Just before Friday practice I got the rotation and saw we were going to be on Course Bravo, the  farther out, more exposed and thus windier and choppier of the two racecourses. The year before we had sailed mostly on Alpha, but won the finals on Bravo. So to get experience we plained out on a reach for 20 minutes, team racing 3v2 the whole way to a distant mark in the Bravo cove. Except that we didn't team race because the team of 2, Sara and Lulu passed everyone and it turned into a game of Chase. This was a valuable lesson. We spent most of the day running 3v2 around a starboard triangle - a beat and the two reach angles that would be new to us. The kids were competitive on the reaches and we got experience trying to balance upwind in the wind shifts. Balance is a key concept in team racing and can be defined two ways:

We are balanced when we are on the same ladder rung. 

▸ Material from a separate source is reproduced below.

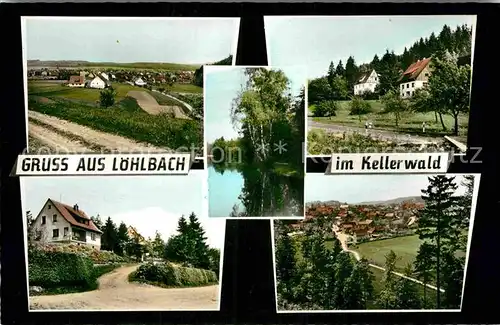 AK / Ansichtskarte Loehlbach Panoramen Kat. Haina (Kloster)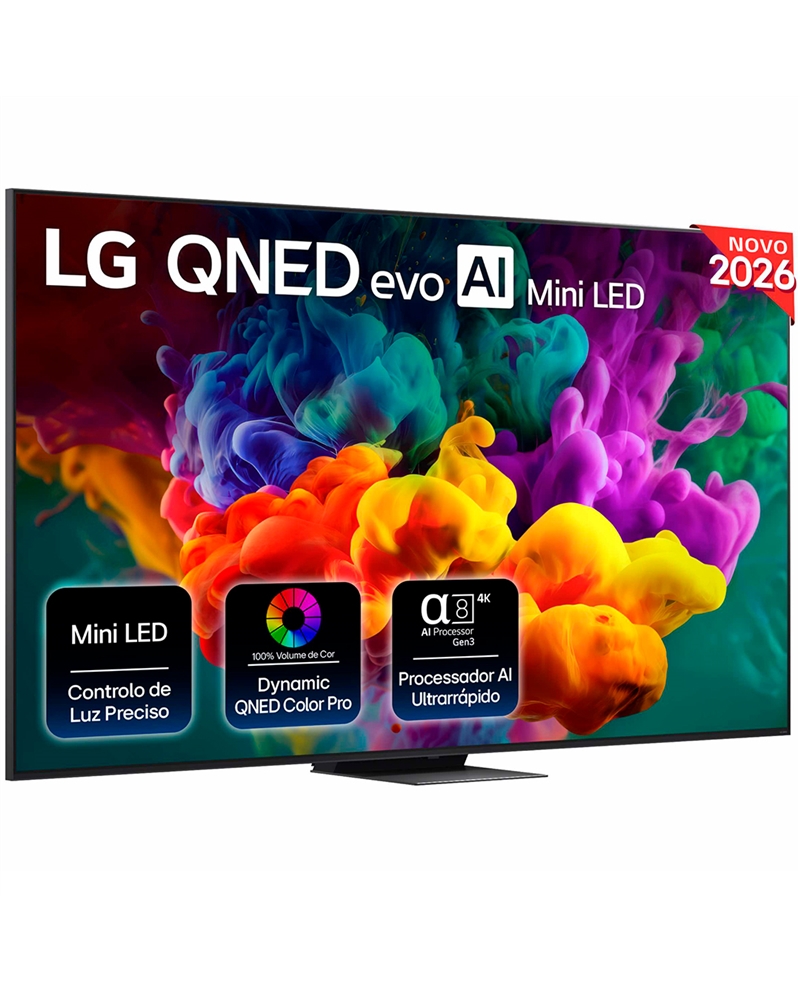 LG QNED 100"4K UHD SMARTTV WEBOS 4HDMI 2USB E - 100QNED87B6A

We are balanced when my teammate across the course is ahead of my opponent I am covering 
(and vise versa).


If a team in a 1,2,3 gets unbalanced, then they are really only in 1,2,4, or 1,3,4. If the other team brings the unbalanced pairs together, then we have a team race! In Germany the shifts and puffs were insane and it was really hard to balance. We made the conscious decision to not worry about it soo much on the first beat and really try to sail the shifts and fleet race. As a coach you are always trying to prioritize what will win the regatta based on the conditions, and this strategy played into our team's strength in addition to the long courses with muti-shift beats.

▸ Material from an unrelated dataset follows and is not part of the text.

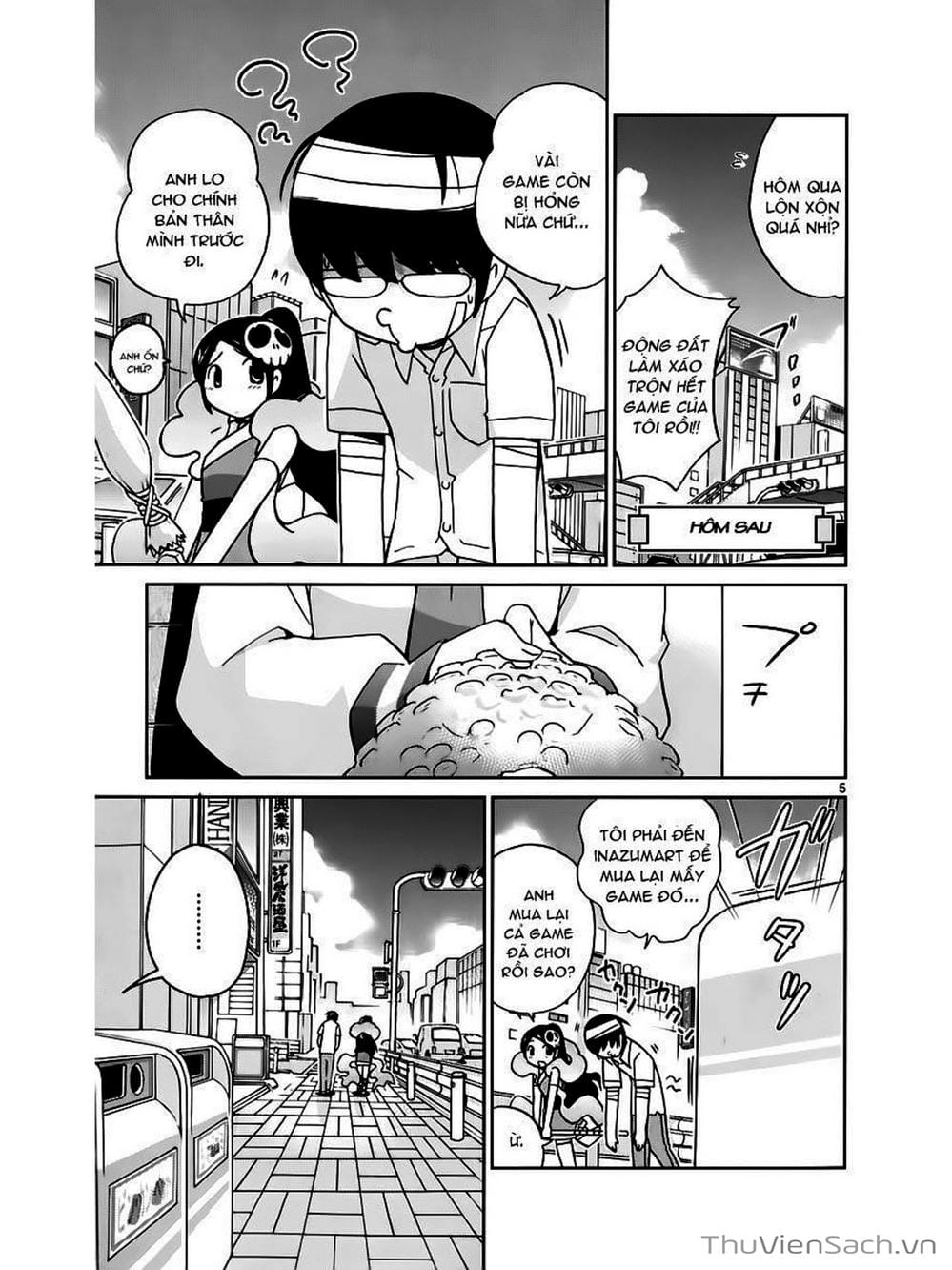 Truyện Tranh Thế Giới Chỉ Có Thánh Thần Biết - The World God Only Knows trang 7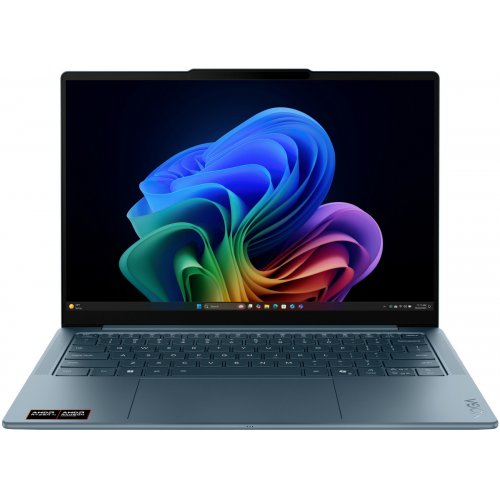 Купити Ноутбук Lenovo Yoga Slim 7 14AKP10 (83JY004TRA) Tidal Teal - ціна в Києві, Львові, Вінниці, Хмельницькому, Франківську, Україні | інтернет-магазин TELEMART.UA фото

Finally, the "Banana Triangle" as this drill shill be called (1,2,5 vs 3,4 invokes the "Split the Banana" concept) got pretty good and we raced the Dutch one more time, as well as handling the Norwegians once. Connor was soo cold from being inappropriately dressed that I sent him in for the Netherlands race and we lost another close one with Jack and Lulu sailing. There was a lot of tape to break down on the iPad and my dad's wooden cutout boats to push around the table as we addressed our mistakes after dinner.

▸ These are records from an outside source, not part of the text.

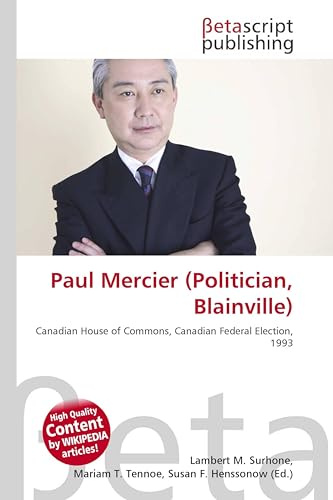 Paul Mercier (Politician, Blainville): Canadian House of Commons, Canadian Federal Election, 1993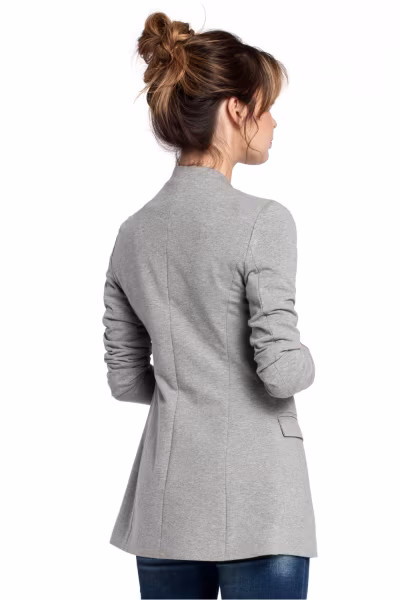 Żakiet Model B030 Grey - BeWear — zdjęcie 3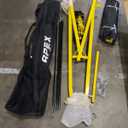 Volleyball Training Net Equipment System - Sturdy, Adjustable, and Portable | Improve Accuracy, Technique, and Skills | Ideal for Indoor/Outdoor Use | Easy Assembly & Storage |52 inches x 11"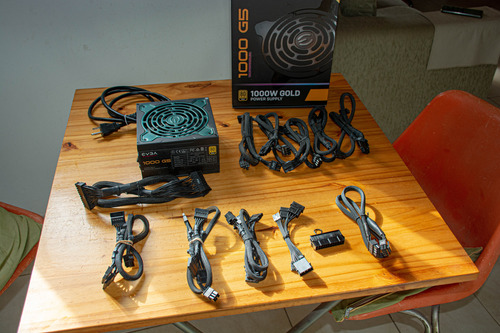 Fuente Evga G-5 1000w Plus Gold 80 Negro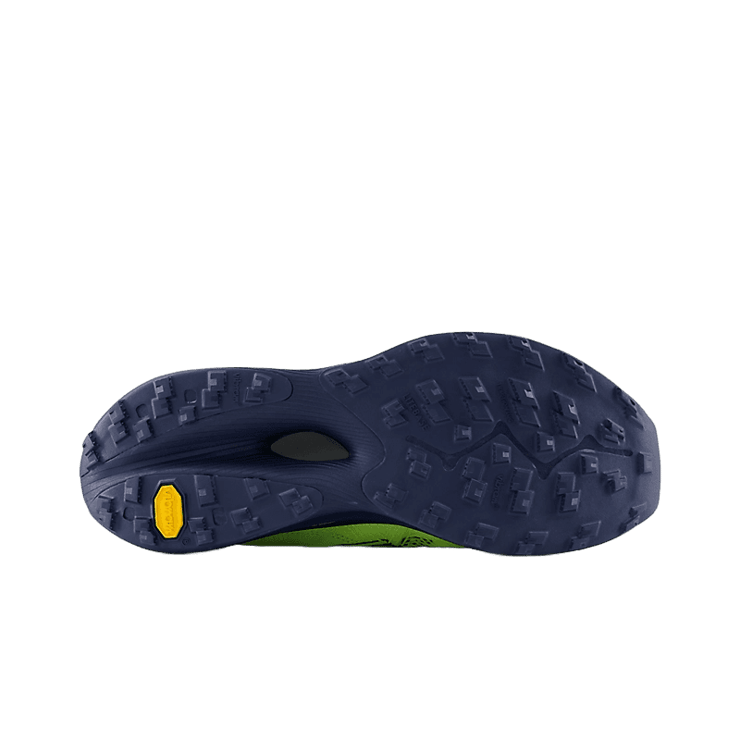 New Balance FuelCell SuperComp Trail Green Blue Angle 3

The reaches were going to be where we would have to win during this regatta. We have a saying in team racing:

"Be predictable to your teammates and enigmatic to your opponents" 

Crushing the opposition on the reaches would not just be about boatspeed, we had to know who/when/how to  to separate to push the race forward, to make execution easier for the teammate  "playing back" as well as the "Pusher." After our full team strategic meeting I met individually with each team member to talk with them about what the team would need from them. 
 Sara and Conner Going high on the reach leg while Stephan sets "move of death"
Going high on the bottom reach! Over the top again! 



Maybe it was the cold fall bringing me back to my New England childhood, but I began thinking about a book I had read as a kid, "The Once and Future King" by T.H. White. The first book of the volume, "The Sword in the Stone" chronicles King Arthur's imagined childhood, and education by the Wizard Merlin. Arthur goes out in the woods by himself and meets Merlin, who transforms Arthur into all types of animals, from Geese to Hawks to Ants, so that he can learn the lessons he will need to be a good King. Of course at this point everybody is still calling him Wart, a bastard who is to be squire to the Castle's heir, Kay. It is only when he commits a truly helpful act - pulling the Sword from the Stone to give to Kay who has lost his, that he becomes King of England. One of Merlin's lines stuck with me and I gave it to Stephan:

"A good king is first in every charge and last in every defeat" 

I think he lived by it in always supporting his teammates after a race, taking ownership of his mistakes and saying "I think..." before giving constructive guidance to a teammate or to me. I saw a little bit of Arthur's experiential education in all of the kids; we would go into the German Woods as Warts and hope to come out as Arthurs.

Jack doing some winter sledding. 

Fast forward through the morning rigging, the opening-picture-taking ceremony, the sail out, to the start of the first race. Sweden doesn't know the start sequence and has the time wrong. We pretend to start a minute early with them, then sail downwind and clear before them after the real gun. But there is a little too much confusion and the race committee decides the re-start the race. They do it again and we are shocked! I had carefully gone over the 13 minute rolling start sequence with the team the night before. It and the 2 course, 3 stage round-robin format are two beautiful bits of German engineering, and we were surprised the PRO had thrown a wrench in the machine! It really hurt when we the Sweeds started fine the 3rd time, and beat us in a heated battle with team racing on every leg.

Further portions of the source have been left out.